Scientists are investigating an anomaly in Earth’s defensive magnetic field that has been dubbed the ‘South Atlantic Anomaly’.
Back in January, a spike in interest regarding Earth’s magnetic field – and whether it’s about to flip or not – occurred. Despite a significant weakening of its magnetic field strength in recent decades, there’s no indication that it’s “about” to flip, and even if it did, the consequences of a geomagnetic reversal would likely not be as apocalyptic as some may claim.
Saying that, there’s plenty about the planet’s magnetic field that we know fairly little about, including its weak spot, the South Atlantic Anomaly (SAA), which extends from Zimbabwe to Chile. Fortunately, a new paper in Geophysical Research Letters shines some light on that with a tale that extends back, rather appropriately, to the Iron Age.

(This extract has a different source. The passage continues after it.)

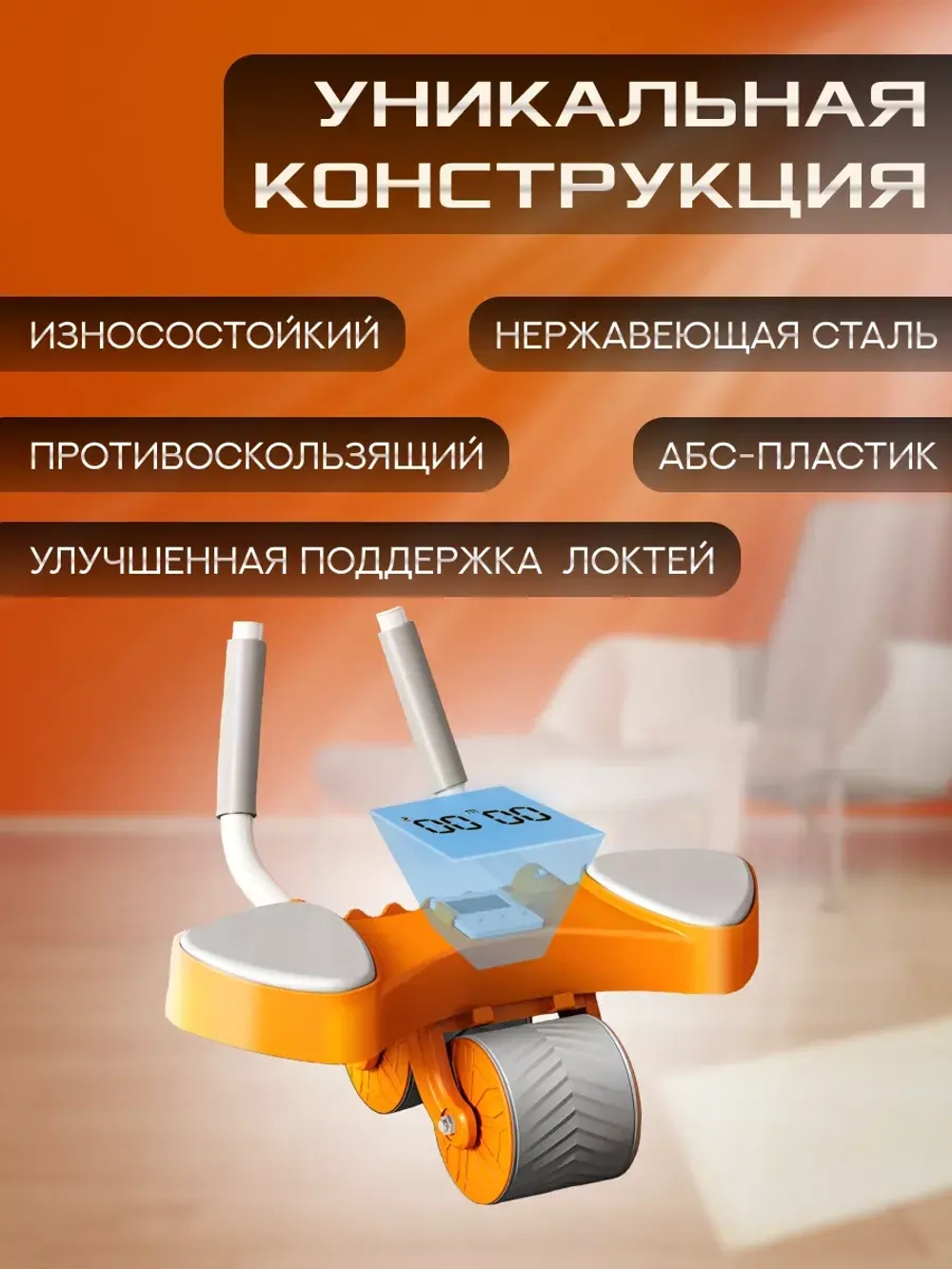 Ролик для пресса с возвратным механизмом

The team’s beautifully written study describes the SAA and the region as the origin of the recent decay and “apparent collapse” of Earth’s magnetic field. They then emphasize that we know very little about this depression’s history thanks to a paucity of data, the likes of which are normally preserved in magnetic mineral-rich volcanic matter.
Upon cooling below a temperature known as the Curie Point, these minerals record the characteristics of Earth’s magnetic field at that exact point in time. This is how we know that, for example, the last time a complete geomagnetic reversal took place was 781,000 years ago.
Still, there’s a lot missing from the story, and the SAA is especially enigmatic – as are the underlying mechanisms within Earth’s iron-rich outer core that drive geomagnetic reversals in the first place. As there aren’t any solid ancient geomagnetic records in southern Africa before 1000 CE, the recent history of the SAA is one big blank spot.
Ingeniously, the team – coordinated by the University of Rochester – decided to look to archaeology, not merely geology, in order to find this missing piece of the puzzle.
Sifting through burnt grain bins, huts, and cattle enclosures from Early to Late Iron Age locales in northern South Africa, Botswana, and Zimbabwe, the team found clay artifacts containing small particles of magnetite and hematite, both of which preserve the Earth’s magnetic field features upon cooling.